## [Work required]
Repeat the lines from the line with "379 HILLDALE RD, Holtwood, PA 17532" to the line with "LAKE MONTICELLO - Residential" in the listing below, keeping both end lines and adding nothing.

[Exercise data]

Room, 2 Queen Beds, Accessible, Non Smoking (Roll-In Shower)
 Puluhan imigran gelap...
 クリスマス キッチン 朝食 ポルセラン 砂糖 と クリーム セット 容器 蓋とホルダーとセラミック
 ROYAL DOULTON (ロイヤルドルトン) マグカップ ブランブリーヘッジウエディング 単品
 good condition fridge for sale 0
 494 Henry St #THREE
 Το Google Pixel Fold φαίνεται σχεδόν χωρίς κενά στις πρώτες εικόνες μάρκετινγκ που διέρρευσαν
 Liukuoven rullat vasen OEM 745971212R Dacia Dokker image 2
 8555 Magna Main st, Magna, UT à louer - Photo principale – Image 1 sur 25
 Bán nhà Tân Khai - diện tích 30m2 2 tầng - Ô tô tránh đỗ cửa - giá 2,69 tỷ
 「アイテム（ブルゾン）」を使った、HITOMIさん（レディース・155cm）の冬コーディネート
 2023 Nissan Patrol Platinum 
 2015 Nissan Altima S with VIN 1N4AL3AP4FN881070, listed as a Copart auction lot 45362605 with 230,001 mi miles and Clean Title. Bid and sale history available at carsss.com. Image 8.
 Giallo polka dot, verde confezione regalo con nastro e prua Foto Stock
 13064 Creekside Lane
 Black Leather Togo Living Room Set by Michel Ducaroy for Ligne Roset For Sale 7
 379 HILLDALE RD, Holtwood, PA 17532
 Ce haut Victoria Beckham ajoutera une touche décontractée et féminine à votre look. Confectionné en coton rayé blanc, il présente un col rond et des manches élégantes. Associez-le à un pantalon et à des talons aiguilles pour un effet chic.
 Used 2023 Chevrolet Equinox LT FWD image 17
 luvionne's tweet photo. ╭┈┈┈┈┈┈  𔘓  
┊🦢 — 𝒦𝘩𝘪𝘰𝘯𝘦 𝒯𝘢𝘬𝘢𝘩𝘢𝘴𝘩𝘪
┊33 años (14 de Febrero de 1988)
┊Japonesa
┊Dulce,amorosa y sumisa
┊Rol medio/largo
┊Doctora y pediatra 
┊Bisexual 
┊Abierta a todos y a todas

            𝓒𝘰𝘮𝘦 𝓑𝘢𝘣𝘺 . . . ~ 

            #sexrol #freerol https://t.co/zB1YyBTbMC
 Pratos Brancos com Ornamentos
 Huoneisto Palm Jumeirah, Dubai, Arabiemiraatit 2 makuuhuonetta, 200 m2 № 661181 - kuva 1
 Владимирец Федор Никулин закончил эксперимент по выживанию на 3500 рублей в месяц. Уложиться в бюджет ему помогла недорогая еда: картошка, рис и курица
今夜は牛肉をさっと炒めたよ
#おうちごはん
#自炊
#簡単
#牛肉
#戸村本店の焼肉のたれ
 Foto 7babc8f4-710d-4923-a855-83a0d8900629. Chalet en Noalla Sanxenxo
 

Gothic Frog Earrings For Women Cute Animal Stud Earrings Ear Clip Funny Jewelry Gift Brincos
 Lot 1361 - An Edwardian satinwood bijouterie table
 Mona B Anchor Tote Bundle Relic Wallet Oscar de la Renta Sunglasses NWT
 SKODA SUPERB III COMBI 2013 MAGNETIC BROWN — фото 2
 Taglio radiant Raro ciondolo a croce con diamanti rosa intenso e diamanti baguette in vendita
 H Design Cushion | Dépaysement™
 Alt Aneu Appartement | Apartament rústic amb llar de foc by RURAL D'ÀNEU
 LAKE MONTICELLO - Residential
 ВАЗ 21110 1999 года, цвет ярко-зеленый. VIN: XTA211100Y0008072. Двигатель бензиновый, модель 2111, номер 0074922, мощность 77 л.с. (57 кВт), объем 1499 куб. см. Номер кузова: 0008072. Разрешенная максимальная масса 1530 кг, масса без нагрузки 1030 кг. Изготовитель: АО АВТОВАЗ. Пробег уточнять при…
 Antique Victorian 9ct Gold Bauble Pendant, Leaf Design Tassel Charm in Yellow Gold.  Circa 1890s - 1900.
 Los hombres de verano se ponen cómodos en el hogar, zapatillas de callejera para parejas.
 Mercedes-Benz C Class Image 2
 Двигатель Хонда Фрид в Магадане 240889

[/Exercise data]

## [Result]
 379 HILLDALE RD, Holtwood, PA 17532
 Ce haut Victoria Beckham ajoutera une touche décontractée et féminine à votre look. Confectionné en coton rayé blanc, il présente un col rond et des manches élégantes. Associez-le à un pantalon et à des talons aiguilles pour un effet chic.
 Used 2023 Chevrolet Equinox LT FWD image 17
 luvionne's tweet photo. ╭┈┈┈┈┈┈  𔘓  
┊🦢 — 𝒦𝘩𝘪𝘰𝘯𝘦 𝒯𝘢𝘬𝘢𝘩𝘢𝘴𝘩𝘪
┊33 años (14 de Febrero de 1988)
┊Japonesa
┊Dulce,amorosa y sumisa
┊Rol medio/largo
┊Doctora y pediatra 
┊Bisexual 
┊Abierta a todos y a todas

            𝓒𝘰𝘮𝘦 𝓑𝘢𝘣𝘺 . . . ~ 

            #sexrol #freerol https://t.co/zB1YyBTbMC
 Pratos Brancos com Ornamentos
 Huoneisto Palm Jumeirah, Dubai, Arabiemiraatit 2 makuuhuonetta, 200 m2 № 661181 - kuva 1
 Владимирец Федор Никулин закончил эксперимент по выживанию на 3500 рублей в месяц. Уложиться в бюджет ему помогла недорогая еда: картошка, рис и курица
今夜は牛肉をさっと炒めたよ
#おうちごはん
#自炊
#簡単
#牛肉
#戸村本店の焼肉のたれ
 Foto 7babc8f4-710d-4923-a855-83a0d8900629. Chalet en Noalla Sanxenxo
 

Gothic Frog Earrings For Women Cute Animal Stud Earrings Ear Clip Funny Jewelry Gift Brincos
 Lot 1361 - An Edwardian satinwood bijouterie table
 Mona B Anchor Tote Bundle Relic Wallet Oscar de la Renta Sunglasses NWT
 SKODA SUPERB III COMBI 2013 MAGNETIC BROWN — фото 2
 Taglio radiant Raro ciondolo a croce con diamanti rosa intenso e diamanti baguette in vendita
 H Design Cushion | Dépaysement™
 Alt Aneu Appartement | Apartament rústic amb llar de foc by RURAL D'ÀNEU
 LAKE MONTICELLO - Residential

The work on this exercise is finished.